Little Italy




The Croton Dams and Aqueduct


Chapter IV

New York As It Is.
Streets and Avenues



Broad Street



The continuation of the narrow Nassau proper south of Wall street, having all at once strangely widened, is called Broad street. During the last few years brokers and speculators of every description have crowded into its silent precincts, until it has become the most noisy and tumultuous speculative centre on the island. Here stands the elegant marble structure containing the far-famed, gorgeously furnished Gold Room, where the daily sales take place, often amid such excitement and din as we cannot describe. The Board of Brokers was organized in 1794, and the entrance fee has risen from fifty dollars to three thousand. The Board numbers about four hundred and seventy members in good standing.
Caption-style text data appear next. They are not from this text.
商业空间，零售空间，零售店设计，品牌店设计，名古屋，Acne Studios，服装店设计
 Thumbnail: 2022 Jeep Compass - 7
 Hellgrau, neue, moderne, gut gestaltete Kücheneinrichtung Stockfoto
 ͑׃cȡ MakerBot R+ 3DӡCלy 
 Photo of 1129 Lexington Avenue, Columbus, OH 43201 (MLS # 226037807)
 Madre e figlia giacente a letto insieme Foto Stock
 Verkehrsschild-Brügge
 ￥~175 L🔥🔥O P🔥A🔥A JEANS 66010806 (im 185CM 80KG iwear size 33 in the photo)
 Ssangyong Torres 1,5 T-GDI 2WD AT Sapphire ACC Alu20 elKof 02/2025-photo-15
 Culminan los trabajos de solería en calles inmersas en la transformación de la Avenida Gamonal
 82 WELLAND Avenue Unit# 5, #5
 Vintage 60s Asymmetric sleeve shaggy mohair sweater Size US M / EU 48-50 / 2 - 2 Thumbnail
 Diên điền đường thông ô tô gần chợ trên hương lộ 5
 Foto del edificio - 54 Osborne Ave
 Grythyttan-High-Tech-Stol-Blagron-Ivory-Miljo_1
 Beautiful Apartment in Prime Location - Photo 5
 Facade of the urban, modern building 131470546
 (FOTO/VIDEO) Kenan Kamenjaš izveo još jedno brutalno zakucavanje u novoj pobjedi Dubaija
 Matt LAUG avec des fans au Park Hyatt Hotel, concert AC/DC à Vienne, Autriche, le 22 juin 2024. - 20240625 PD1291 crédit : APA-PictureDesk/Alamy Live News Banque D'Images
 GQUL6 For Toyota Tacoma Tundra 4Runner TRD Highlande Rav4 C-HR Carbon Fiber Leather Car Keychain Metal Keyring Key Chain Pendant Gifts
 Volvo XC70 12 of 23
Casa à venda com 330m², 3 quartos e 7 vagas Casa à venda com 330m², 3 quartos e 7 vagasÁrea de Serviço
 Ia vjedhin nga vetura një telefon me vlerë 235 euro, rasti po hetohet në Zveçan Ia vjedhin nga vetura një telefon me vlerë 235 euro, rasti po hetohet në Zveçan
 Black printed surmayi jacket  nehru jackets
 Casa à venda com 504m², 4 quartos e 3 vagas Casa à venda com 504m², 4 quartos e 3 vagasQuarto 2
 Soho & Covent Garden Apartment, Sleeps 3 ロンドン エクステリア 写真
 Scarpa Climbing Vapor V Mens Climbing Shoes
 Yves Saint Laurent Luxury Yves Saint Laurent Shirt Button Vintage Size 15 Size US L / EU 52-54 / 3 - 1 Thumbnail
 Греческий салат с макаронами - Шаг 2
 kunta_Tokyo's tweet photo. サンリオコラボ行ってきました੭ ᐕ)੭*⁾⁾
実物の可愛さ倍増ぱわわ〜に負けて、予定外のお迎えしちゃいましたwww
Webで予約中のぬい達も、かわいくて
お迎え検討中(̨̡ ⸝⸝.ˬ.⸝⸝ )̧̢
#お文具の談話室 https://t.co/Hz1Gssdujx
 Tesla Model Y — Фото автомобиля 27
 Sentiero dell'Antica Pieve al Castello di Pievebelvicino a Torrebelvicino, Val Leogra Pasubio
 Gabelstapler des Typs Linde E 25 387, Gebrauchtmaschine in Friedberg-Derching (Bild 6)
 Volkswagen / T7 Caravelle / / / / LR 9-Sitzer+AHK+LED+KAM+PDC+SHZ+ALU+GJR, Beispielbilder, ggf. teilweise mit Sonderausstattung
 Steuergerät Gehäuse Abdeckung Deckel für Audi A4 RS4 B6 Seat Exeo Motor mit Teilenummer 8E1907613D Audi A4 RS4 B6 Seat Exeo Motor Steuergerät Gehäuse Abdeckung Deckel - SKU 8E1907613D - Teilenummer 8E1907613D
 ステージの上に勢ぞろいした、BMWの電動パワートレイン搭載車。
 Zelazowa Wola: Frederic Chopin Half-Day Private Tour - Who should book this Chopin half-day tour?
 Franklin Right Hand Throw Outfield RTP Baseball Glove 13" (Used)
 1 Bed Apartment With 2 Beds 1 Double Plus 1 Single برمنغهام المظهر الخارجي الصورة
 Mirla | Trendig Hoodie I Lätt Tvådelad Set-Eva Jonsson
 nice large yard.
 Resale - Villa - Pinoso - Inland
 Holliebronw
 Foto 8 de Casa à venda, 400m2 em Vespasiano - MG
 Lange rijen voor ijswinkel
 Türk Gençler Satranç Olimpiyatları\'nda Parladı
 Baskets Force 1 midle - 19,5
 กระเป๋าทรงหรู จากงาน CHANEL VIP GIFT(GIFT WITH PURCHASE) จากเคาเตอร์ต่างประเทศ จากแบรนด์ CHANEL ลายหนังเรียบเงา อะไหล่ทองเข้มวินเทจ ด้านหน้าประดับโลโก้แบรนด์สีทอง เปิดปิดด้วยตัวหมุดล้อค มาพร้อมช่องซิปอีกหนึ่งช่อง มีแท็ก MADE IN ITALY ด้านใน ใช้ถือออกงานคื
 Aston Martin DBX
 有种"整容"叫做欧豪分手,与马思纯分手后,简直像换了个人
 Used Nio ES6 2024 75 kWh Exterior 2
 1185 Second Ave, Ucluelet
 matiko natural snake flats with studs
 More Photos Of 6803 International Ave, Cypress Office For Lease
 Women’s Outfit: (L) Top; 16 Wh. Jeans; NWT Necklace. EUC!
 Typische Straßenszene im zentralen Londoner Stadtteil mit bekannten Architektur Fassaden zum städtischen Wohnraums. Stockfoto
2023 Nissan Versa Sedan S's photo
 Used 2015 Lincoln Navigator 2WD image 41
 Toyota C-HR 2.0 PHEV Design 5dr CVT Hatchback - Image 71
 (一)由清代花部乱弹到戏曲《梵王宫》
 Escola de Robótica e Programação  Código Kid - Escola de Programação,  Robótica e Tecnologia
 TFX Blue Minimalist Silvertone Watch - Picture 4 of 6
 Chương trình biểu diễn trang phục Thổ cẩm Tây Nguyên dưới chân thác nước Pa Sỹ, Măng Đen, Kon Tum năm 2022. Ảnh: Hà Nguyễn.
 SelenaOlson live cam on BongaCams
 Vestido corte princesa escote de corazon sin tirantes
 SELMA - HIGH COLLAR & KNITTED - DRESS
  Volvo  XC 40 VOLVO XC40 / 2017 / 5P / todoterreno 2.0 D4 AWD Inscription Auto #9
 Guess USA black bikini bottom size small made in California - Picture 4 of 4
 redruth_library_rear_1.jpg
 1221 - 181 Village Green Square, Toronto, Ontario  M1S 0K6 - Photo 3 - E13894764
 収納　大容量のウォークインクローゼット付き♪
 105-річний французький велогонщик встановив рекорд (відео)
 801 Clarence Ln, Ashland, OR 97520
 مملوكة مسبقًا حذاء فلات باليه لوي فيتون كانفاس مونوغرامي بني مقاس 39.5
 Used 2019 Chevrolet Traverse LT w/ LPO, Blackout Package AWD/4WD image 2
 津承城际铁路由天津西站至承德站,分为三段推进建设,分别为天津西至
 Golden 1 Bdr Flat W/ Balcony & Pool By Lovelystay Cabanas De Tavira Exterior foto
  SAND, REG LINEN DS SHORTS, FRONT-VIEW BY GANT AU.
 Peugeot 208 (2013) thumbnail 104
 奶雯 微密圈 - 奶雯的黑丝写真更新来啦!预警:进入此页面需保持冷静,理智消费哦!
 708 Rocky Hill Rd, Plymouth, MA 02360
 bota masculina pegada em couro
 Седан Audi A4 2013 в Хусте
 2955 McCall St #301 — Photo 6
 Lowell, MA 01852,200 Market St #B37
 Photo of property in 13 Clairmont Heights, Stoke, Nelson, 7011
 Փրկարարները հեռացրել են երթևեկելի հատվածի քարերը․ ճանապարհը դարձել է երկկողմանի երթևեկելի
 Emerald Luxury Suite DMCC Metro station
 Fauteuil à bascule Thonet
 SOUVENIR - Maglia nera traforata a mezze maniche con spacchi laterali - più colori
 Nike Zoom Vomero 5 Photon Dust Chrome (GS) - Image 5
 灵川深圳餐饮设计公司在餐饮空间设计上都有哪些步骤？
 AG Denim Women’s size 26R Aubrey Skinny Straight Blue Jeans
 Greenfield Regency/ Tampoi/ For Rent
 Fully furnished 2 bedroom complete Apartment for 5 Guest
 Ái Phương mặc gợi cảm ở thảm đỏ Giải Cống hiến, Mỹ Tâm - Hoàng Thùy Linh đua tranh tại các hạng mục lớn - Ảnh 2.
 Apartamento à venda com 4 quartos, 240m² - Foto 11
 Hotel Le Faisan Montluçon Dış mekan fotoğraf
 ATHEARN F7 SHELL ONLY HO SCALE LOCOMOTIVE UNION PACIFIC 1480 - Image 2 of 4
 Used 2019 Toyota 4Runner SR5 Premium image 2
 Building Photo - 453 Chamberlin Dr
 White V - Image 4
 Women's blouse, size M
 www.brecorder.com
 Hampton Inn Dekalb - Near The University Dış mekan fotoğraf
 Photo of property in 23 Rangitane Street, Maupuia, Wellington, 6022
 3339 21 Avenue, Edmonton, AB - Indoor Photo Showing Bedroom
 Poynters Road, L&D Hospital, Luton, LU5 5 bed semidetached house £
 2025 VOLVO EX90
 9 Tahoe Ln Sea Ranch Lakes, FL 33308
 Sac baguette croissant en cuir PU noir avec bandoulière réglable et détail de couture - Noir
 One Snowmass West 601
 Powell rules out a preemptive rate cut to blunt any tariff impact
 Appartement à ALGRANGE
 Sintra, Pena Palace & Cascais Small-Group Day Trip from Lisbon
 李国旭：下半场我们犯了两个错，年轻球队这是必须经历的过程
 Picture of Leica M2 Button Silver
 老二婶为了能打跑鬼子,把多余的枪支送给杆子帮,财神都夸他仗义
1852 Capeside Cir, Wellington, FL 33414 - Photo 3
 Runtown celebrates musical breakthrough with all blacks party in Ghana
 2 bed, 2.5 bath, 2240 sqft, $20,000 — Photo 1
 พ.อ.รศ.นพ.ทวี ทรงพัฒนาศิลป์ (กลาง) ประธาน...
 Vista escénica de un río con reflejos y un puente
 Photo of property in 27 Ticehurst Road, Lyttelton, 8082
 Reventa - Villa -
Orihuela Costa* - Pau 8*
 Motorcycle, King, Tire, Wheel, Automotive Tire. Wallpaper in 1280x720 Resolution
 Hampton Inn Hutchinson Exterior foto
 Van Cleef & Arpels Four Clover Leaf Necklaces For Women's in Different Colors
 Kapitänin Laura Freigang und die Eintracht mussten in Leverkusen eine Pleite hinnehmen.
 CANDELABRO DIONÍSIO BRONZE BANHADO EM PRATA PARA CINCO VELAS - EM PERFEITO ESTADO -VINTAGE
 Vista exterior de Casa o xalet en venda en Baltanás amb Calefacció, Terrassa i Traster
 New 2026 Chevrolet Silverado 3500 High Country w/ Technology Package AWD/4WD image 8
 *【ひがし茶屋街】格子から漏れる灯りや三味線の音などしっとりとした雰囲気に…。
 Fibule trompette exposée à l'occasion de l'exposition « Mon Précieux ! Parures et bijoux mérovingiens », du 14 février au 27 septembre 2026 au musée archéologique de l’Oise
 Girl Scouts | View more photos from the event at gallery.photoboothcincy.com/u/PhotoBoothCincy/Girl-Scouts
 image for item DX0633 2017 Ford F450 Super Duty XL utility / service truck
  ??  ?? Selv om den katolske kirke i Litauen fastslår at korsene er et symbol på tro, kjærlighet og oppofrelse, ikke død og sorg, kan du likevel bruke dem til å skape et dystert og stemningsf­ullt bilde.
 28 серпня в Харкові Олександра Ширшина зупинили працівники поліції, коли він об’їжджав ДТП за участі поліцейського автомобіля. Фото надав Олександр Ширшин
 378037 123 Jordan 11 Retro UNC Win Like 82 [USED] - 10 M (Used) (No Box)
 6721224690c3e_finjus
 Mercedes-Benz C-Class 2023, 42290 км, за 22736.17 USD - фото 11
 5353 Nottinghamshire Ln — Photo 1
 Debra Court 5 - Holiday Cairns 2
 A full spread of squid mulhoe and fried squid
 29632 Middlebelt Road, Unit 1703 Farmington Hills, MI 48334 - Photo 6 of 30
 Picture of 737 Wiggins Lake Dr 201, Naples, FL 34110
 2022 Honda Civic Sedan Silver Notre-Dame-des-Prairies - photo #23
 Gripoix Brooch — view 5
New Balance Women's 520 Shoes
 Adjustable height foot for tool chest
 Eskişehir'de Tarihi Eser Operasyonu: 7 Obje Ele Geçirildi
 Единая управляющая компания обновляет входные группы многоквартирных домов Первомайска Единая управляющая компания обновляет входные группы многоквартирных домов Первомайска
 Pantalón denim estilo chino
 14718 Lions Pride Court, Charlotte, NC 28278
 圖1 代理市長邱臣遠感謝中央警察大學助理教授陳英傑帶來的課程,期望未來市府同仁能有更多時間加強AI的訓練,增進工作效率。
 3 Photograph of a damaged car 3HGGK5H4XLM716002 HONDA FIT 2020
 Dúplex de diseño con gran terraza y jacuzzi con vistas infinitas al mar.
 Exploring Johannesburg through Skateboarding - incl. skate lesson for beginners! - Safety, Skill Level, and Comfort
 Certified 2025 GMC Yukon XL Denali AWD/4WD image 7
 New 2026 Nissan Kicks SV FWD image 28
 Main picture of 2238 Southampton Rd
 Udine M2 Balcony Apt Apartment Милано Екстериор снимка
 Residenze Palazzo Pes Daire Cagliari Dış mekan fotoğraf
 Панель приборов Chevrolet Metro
Each member has a safe in the vault, with a combination lock. The Board claims to be composed of honest and honorable men only. Besides this there are various other specific boards of all kinds of speculators—stock-brokers gold-brokers, oil-brokers, and cliques—uniting and dissolving as occasion may offer opportunities of gain to ambitious and unscrupulous men. Among these originate the gold scrambles, the railroad wars, the raid on the banks, and other panics which crowd the streets with well-dressed, but frenzied men, some flushed and violent, some pale and staggering, turning prematurely gray over the wreck of their earthly hopes.